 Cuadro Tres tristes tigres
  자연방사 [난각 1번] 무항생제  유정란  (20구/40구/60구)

________

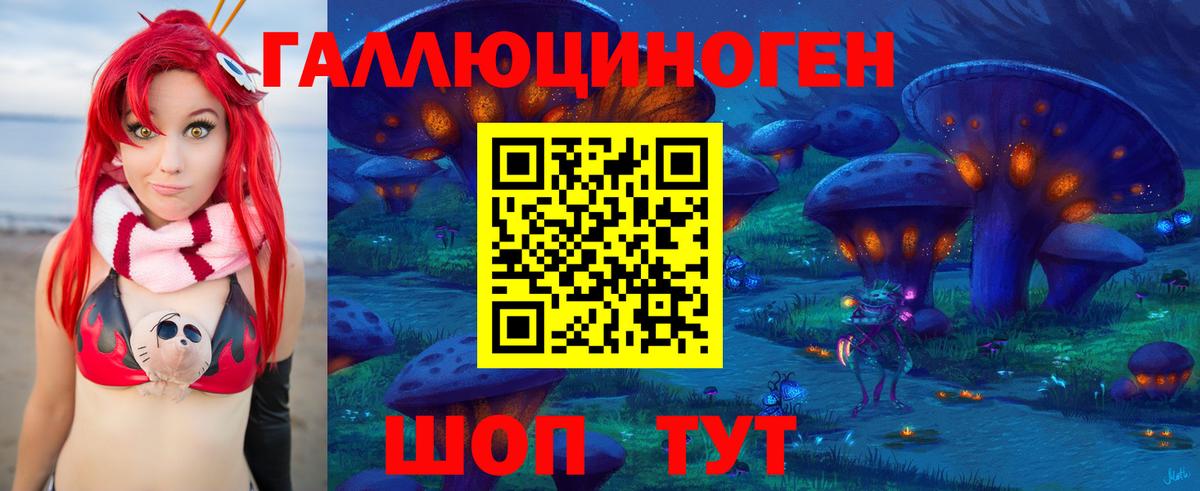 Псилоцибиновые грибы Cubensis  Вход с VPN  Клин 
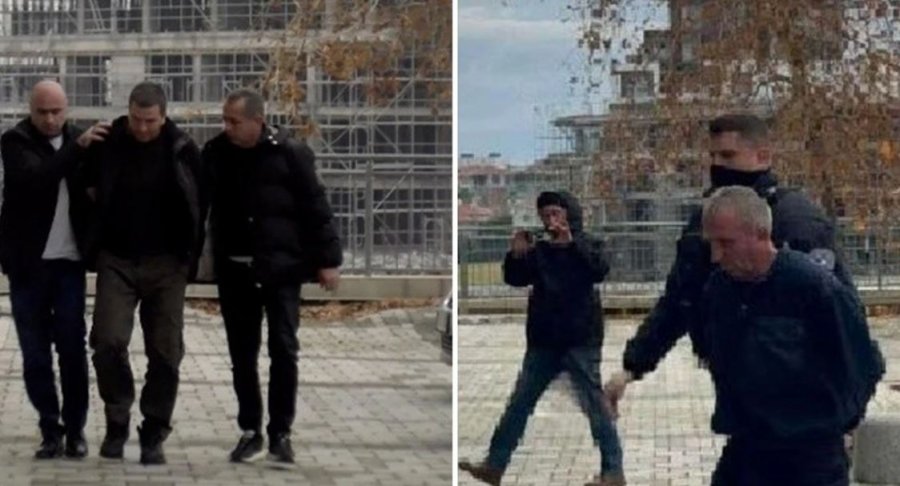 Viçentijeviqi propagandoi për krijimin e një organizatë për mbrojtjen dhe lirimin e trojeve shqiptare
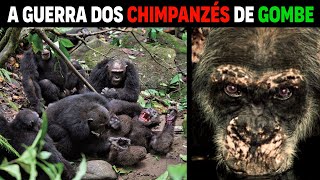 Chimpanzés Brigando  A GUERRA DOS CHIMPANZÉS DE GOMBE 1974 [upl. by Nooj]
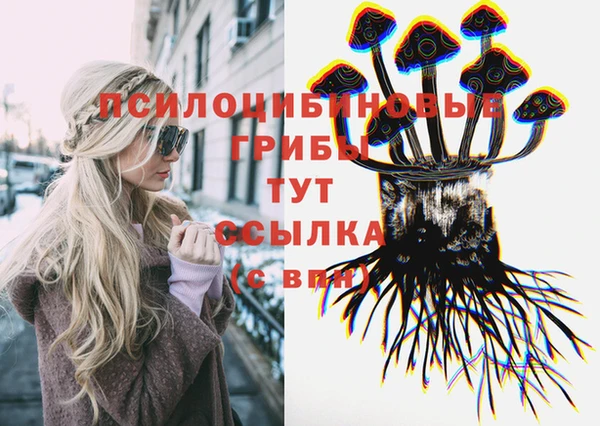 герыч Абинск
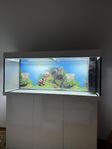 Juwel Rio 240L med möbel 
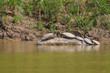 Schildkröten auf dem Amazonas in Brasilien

________

- [Your task] Look above for the line with "герыч Абинск" and the line with "Schildkröten auf dem Amazonas in Brasilien". Give again exactly those two lines and all lines between them, pictures excluded.

- [Task result]
 герыч Абинск
 Juwel Rio 240L med möbel 
 Schildkröten auf dem Amazonas in Brasilien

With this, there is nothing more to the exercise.